Data center networks are important facilities for cloud computing and there is a long line of work on topology design:

A Clos is a multi-rooted tree with layered structure which can scale to arbitrary size with low radix merchant silicon switching chips, readily deployed in practice.
There is another family of topologies called expanders. Expander graph can use much smaller number of switches to achieve the same performance compared to Clos. For example:
- Jellyfish (NSDI 12) is a degree bounded random graph,
- Xpander (CoNEXT 16) is a clique of metanodes. A metanode is a cluster of switches without links between each other.

Previous designs focussed on achieving high performance at low cost, but not much attention to designing for manageability. This work considers management complexity of data center topology design.

How does the complexity of managing data centers depend on the topology? This work focuses on studying lifecycle management of data center topologies. Life cycle management is the process of building a network, physically deploying it on the data center floor and expanding it over several years so that it is available for use by a constantly increasing set of services.

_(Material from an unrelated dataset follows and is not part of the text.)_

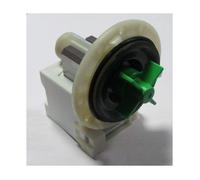Pompe De Vidange Pour Lave Linge Brandt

Lifecycle management complexity is important:

Complex deployment can stall the rollout of new services for a long time. This is expensive considering the increasing traffic demand.
Topology expansion leads to capacity drop due to rewiring. Complex expansion leads to network functioning with degraded capacity for a long time.

To understand lifecycle management there are several challenges to be solved:

How to characterize the management complexity? The study proposes some metrics to quantify lifecycle management complexity by considering practical, physical constraints.
How does topology structure affect the management complexity? By leveraging the developed metrics, the paper compared several topology families and found that no topology dominates by all the metrics. They derive some principles on achieving low lifecycle management complexity.
Is there a topology family with low management complexity, low cost and high performance? By leveraging the learned principles, the paper designs a new topology family called FatClique which achieves all the nice properties at the same time.

Characterizing management complexity

Many dimensions to lifecycle management: packaging, cable wiring, placement, cable rewiring during expansion. All these problems need to respect constraints from all kinds of data center devices such as switches, racks, patch panels, cable trays.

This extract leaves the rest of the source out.